Reprogramming is a rite of summer in the Pentagon budget, the Secretary asking the authorizing committees (Armed Services) and appropriating committees of the House and Senate for the latitude to readjust its spending.  Reprogramming does not add money to the budget, it reallocates already appropriated money to different uses.  It is not a means for implementing new policies; it shifts money between accounts to pay for agreed activities that prove costlier than predicted, identifying the lower priority activities that will have money taken.

This year’s reprogramming request totals $8.2 billion, which is pretty close to the mark in an overall defense profile of $703 billion for the year (this counts both the DOD baseline budget, as well as war funding, nuclear programs, and support to other agencies’ programs that are paid for by DOD but not strictly defense activities).  In general, reprogramming shows the professional competence of the Pentagon’s budget staff: they’re mighty good at their work to come within 1.2% of their spending plan, especially given the number of variables affecting their budget.

Also as usual, the changing cost of fuel is the main driver of reprogramming.  What the rest of us have experienced at the gas pump the Pentagon, as the world’s largest consumer of fuel, experiences to an even greater degree.  This is all business as usual.

What stands out in the reprogramming request is the unanticipated $772 million needed to reroute supplies going to Afghanistan.  Until October of 2011, the majority of supplies for coalition military forces fighting in Afghanistan came through Pakistan.

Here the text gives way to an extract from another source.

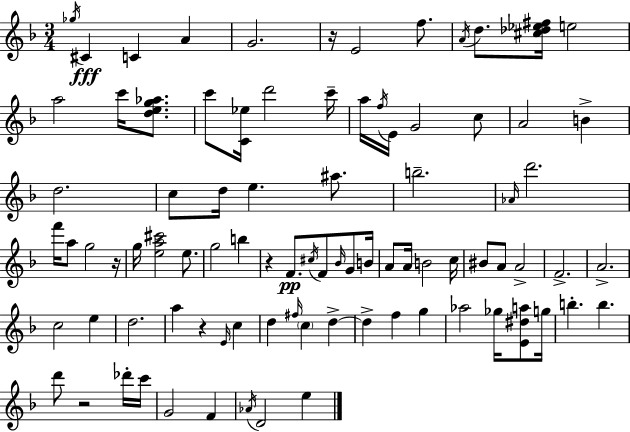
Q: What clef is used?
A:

That relations with Pakistan are difficult is an understatement.  It is a country struggling to democratize and modernize simultaneously while under the stifling grip of corrupt political elites and a military still dominant over civilian institutions.  Finding mutually beneficial approaches with Pakistan to the problems we are concerned about would be difficult even under a diplomatically adept U.S. administration.

But President Obama and his team are most definitely not diplomatically adept.  They crafted a war strategy fundamentally dependent on Pakistan’s support, but have neither found a means of delivering that support nor changed their strategy so that it is unnecessary.  The Administration has vacillated widely in its policy toward Pakistan, aggravating that country’s (accurate) concern about abandonment by us.  The petulant comments of Secretary Panetta -- while in India, no less -- stoke resentment in Pakistan over the high-handed unilateralism of our military strikes inside their country.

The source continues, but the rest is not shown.